5281Please respect copyright.PENANAKgAwcePPEp
Maya tertidur dalam pelukan Yanto, tak sadar kalau di luar kamar, Kevin—anak Yanto—sudah menunggu gilirannya, mata gelapnya penuh antisipasi. Malam pertama yang seharusnya romantis berubah menjadi pintu masuk ke dunia gelap dominasi keluarga Yanto. Maya tak tahu, Amel di lantai atas mendengar suara-suara samar, tubuhnya panas tanpa alasan, dan bayang-bayang itu mulai merayap ke arahnya juga.
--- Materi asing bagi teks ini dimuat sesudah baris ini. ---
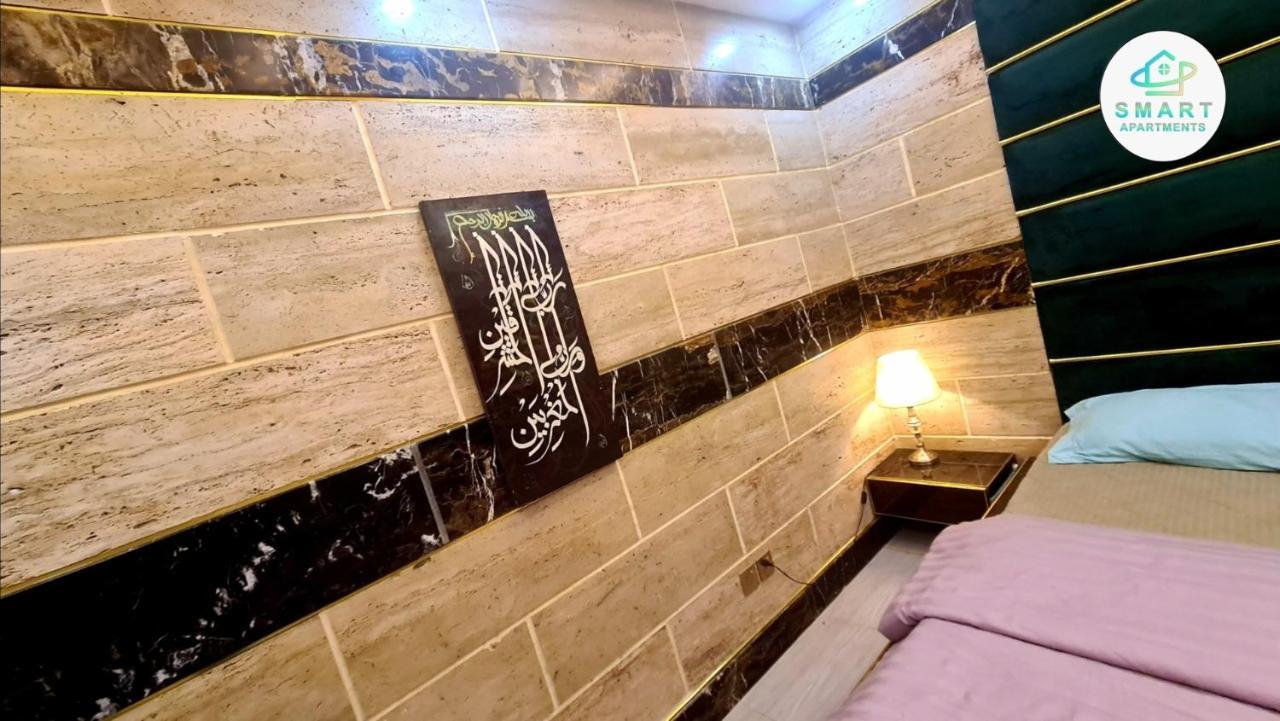 Smart Apartments & Hotel Лахор Экстерьер фото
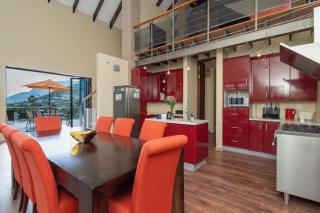 Houtbay Hilltop Villa - Città del Capo - 7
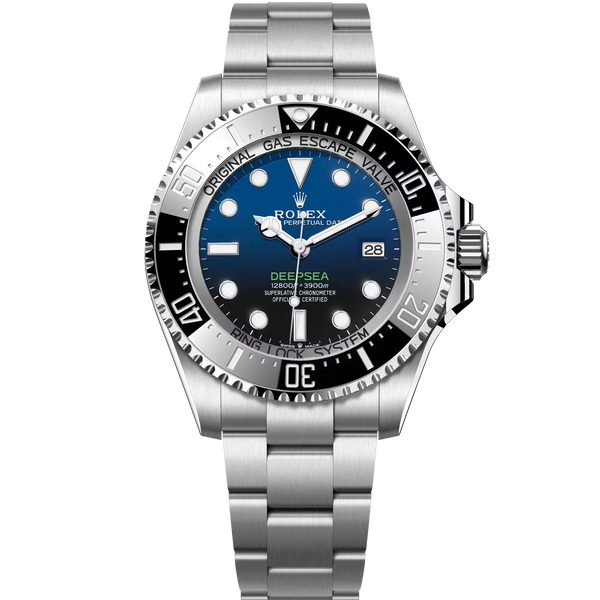 Rolex Deepsea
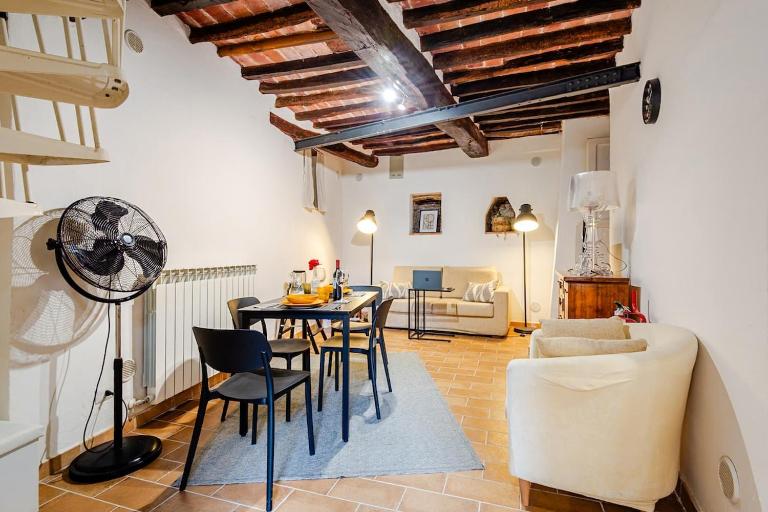 Cavour 22 - Ferienwohnung Piegaro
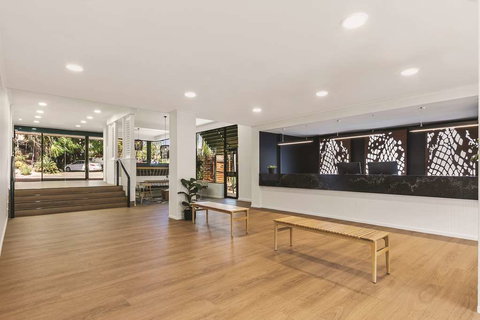 Travelodge Resort Darwin - New Castle Holiday 1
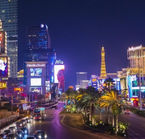 Las Vegas Strip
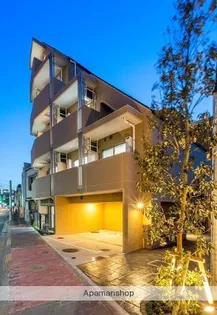 ラフィスタ蒲田南の画像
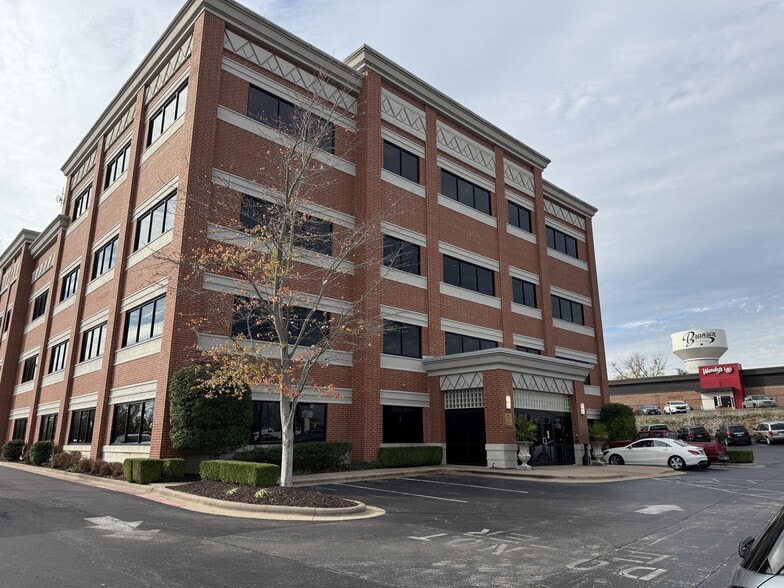 500 W Main St, Branson, MO for lease - Building Photo - Image 3 of 15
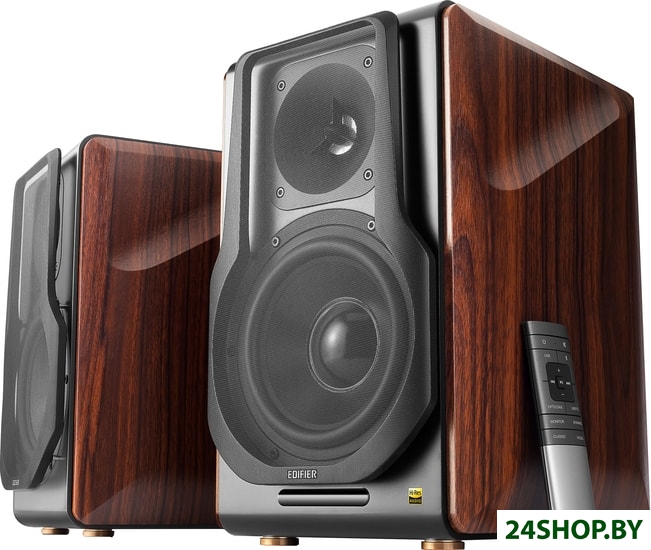 Акустика Edifier S3000 Pro Акустика Edifier S3000 Pro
5281Please respect copyright.PENANAYRerh1gSSL
Pagi menyingsing, Maya terbangun dengan tubuh pegal-pegal enak, bekas tamparan merah di bokong dan paha, vaginanya masih sensitif. Yanto sudah bangun, bawa sarapan ke ranjang. "Selamat pagi, istriku." Maya tatap dia, emosi rumit. "Apa yang lo lakuin semalem... itu normal buat lo?" Yanto tersenyum, jari menyentuh bibir Maya. "Itu baru permulaan. Kamu akan suka, Maya. Aku janji."
Maya diam, tapi di dalam hatinya, ada bagian kecil yang mulai penasaran—dan itu yang paling menakutkan.